Dans le cas des gouvernements européens, la tendance, depuis l’introduction de l’Euro et de la coordination de la politique économique et monétaire, a été d’indexer les émissions récentes sur l’indice d’inflation européenne, publié par eurostat.
L’intérêt des obligations indexées sur l’inflation
L’intérêt pour l’émetteur
Pour l’émetteur, l’indexation de sa dette sur l’inflation peut avoir un intérêt particulier dans deux cas de figure:
1. dans un contexte d’inflation forte et volatile, l’émission d’obligations indexées peut être son seul moyen d’avoir accès aux marchés de capitaux.

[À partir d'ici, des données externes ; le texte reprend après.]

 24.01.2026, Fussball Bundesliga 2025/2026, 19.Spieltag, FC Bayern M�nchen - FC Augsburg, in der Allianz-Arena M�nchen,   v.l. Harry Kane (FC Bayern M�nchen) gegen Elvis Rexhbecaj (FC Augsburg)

C'était le cas notamment du Chili en 1956, du Brésil en 1964 ou de l’Argentine en 1973.
2. dans le cas contraire d’une inflation faible et bien maîtrisée, l’émission d’obligations indexées peut lui permettre de réduire ses coûts d’emprunt et, dans le cas où l’émetteur est un gouvernement, apporter de la crédibilité à sa politique de stabilité monétaire.
L’intérêt pour l’investisseur
1. Les obligations indexées sur l’inflation présentent une bien meilleure protection contre l’inflation que les valeurs de placement traditionnels comme l’or, l’immobilier ou les actions, qui présentent deux problèmes:
- Outre l’inflation, leurs prix dépendent de beaucoup d’autres facteurs,
- Leurs prix sont plus volatils, et donc un placement sur ces actifs est plus risqué.
2. La volatilité du rendement des titres indexés est inférieure à celle des obligations nominales, puisqu’elle n’est pas soumise aux aléas de l’inflation.
Vient se rajouter un facteur temporaire qui est que, dû à la relative nouveauté de ce segment, le marché des obligations indexées ne possède pas encore la même variété et profondeur que celui des obligations nominales, ce qui résulte en des niveaux de rendement légèrement supérieurs.
Les investisseurs
Les principaux détenteurs d’obligations indexées sur l’inflation sont les fonds de pension et les compagnies d’assurance, étant donné qu’une partie importante de leurs engagements sont soit directement indexés sur l’inflation, soit liés à des indicateurs qui, eux, dépendent dans une certaine mesure de l’inflation, comme par exemple l’évolution des salaires.
Les obligations indexées émis sur quelques uns des principaux marchés financiers
France
La première émission d’une obligation indexée était l’OATi en 1998, indexée sur l’inflation française. En 2001, la France a émis sa première obligation indexée sur l’inflation européenne (OAT€i). A fin février 2010, l’encours des obligations indexées représentait environ 16% du total des obligations en cours (OAT et BTAN). Il existe trois types d’obligations indexées:
- les Obligations Assimilables du Trésor indexés sur l’inflation (OATi)
encours (au 28-02-2010) : 73.6 mrd € - les Obligations Assimilables du Trésor indexés sur l’inflation européenne (OAT€i)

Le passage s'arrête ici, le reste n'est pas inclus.